La settimana scandinava tra Europa sondaggi e governi da varare

Settimana scandinava: Europa verso destra o verso sinistra? Il governo in Svezia scivola nei sondaggi e tasta il terreno alla ricerca di nuovi alleati per non arrivare già sconfitto alle elezioni del prossimo anno.

In Norvegia il voto è più vicino, e sembra ormai certo che nascerà un esecutivo di minoranza.  In Finlandia invece l’euroscetticismo resta nell’agenda politica ma affascina sempre meno la popolazione. Di Europa si parla pure in Danimarca, dove nei prossimi mesi per la premier Thorning-Schmidt potrebbero aprirsi prospettive importanti.

In Finlandia l’euroscetticismo è finito in prima pagina.

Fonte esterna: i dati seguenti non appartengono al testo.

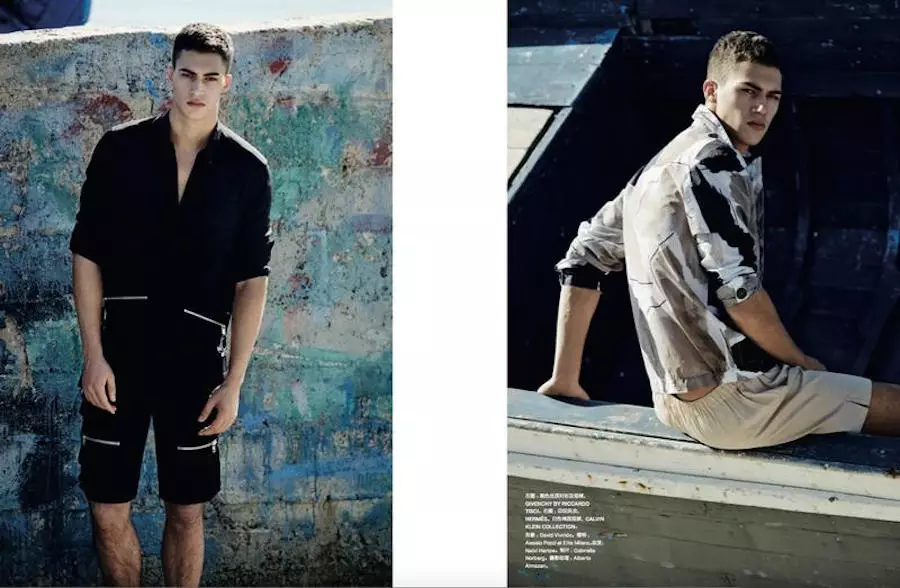 Top modèl Alessio Pozzi pou Numéro Homme China S/S 2015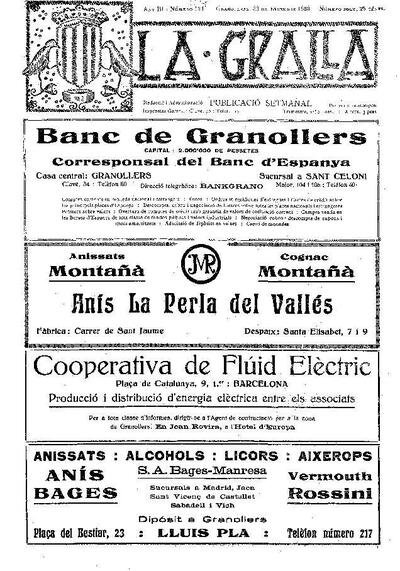 La Gralla, 30/12/1923 [Issue]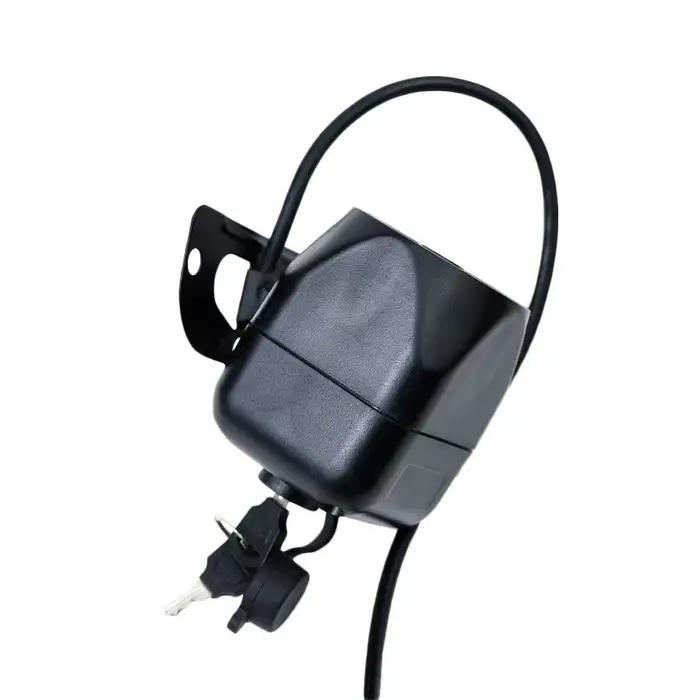 Sirène d'alarme filaire 12V 105dB - Klaxon haute puissance 15W pour la sécurité domestique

Per la precisione la pagina del quotidiano Helsingin Sanomat che Timo Soini, leader del partito conservatore dei Veri Finlandesi, ha acquistato per dire la sua sulla partecipazione di Helsinki al piano di salvataggio europeo della Grecia. Secondo Soini, il governo ha mal gestito l’intera faccenda, non ottenendo garanzie adeguate da Atene e soprattutto cercando di tenere nascosta al popolo finlandese la vera natura dell’accordo.

L’esecutivo ha risposto che le dichiarazioni di Soini sono fuorvianti e senza fondamento. È la solita battaglia che a Helsinki si combatte da qualche anno: da una parte il governo multicolore filo-europeista, dall’altra i Veri Finlandesi che sulle critiche a Bruxelles hanno costruito gran parte delle proprie fortune politiche.

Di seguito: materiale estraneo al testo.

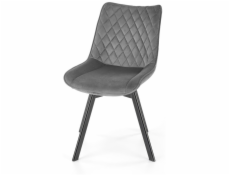 NENURODYTA_V JÍDELNÍ ŽIDLE K520 ŠEDÁ 63X46X80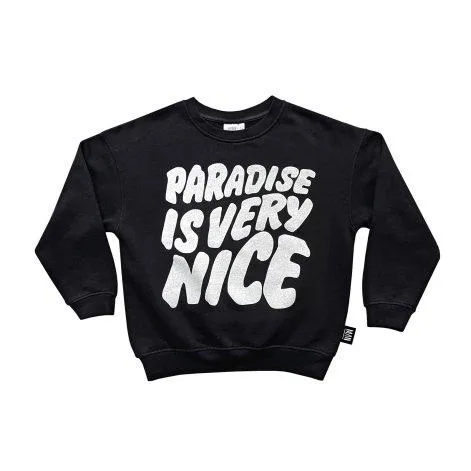 Sweater Paradise Is Very Nice Midnight Black - Little Man Happy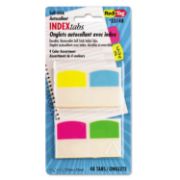 Picture of Redi-Tag® Write-On Self-Stick Index Tabs, 1 1/16 Inch, 4 Colors, 48/Pack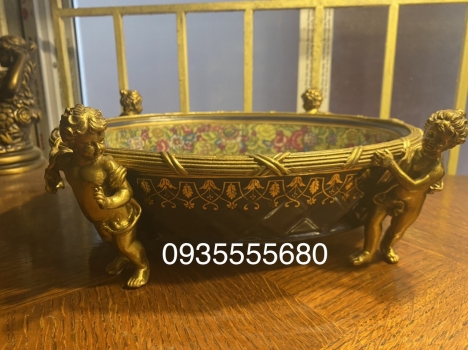 Giao lưu e khay gốm đồng hàng bỉ cao cấp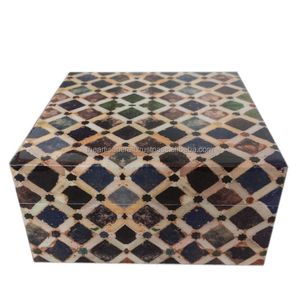 Coffrets cadeaux de travail en émail imprimés en papier MDF faits à la main pour le retour de mariage Boîtes décoratives en bois pour bijoux - Product Image 4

Il fatto è che probabilmente agli elettori questo non basta più. Alcuni analisti hanno sottolineato come il Partito di Centro negli ultimi tempi sia riuscito ad attrarre meglio i lavoratori a basso reddito, quelli cioè che prima guardavano a Soini. In effetti i sondaggi di una decina di giorni sembrano dimostrarlo, col Partito di Centro prima forza politica nel paese e i Veri Finlandesi in leggera flessione.

In grossa flessione è invece il governo di centrodestra che guida la Svezia. I partiti di centrosinistra oggi all’opposizione metterebbero insieme il 50,5 per cento dei voti, staccando di una decina di punti l’attuale governo. Insomma la sirena d’allarme nell’ufficio del premier Reinfeldt suona sempre più forte. Tutto però può cambiare in fretta, a partire dal gioco delle alleanze.

Jimmie Åkesson, a capo del partito ultraconservatore dei Democratici Svedesi, ha lanciato proprio in questi giorni messaggi precisi: alle prossime elezioni il partito è pronto ad assumersi maggiore responsabilità. Parole che assomigliano molto a una richiesta di confronto. Fino a oggi nessuna forza politica (centrodestra compreso) ha voluto sedersi al tavolo con i Democratici Svedesi, ma certe posizioni potrebbero essere riconsiderate nei prossimi mesi.

Una parte della maggioranza però guarda altrove. Birgitta Ohlsson, ministro degli Affari europei e personalità importante nel Partito Liberale, ha strizzato l’occhiolino ai Verdi: “penso che i Verdi potrebbero essere una buona alternativa per la maggioranza di governo: abbiamo già lavorato insieme su questioni importanti come l’immigrazione e abbiamo molte cose in comune”.

Ohlsson ha precisato di non aver lanciato un invito ufficiale ma il chiarimento conta poco: non è la prima volta che il governo cerca il dialogo coi Verdi. Ora come ora, però, è difficile immaginare che questo corteggiamento porti a qualcosa, anche perché il partito continua a cercare il dialogo con i laburisti, pur non volendo un’alleanza preelettorale come accaduto nel 2010.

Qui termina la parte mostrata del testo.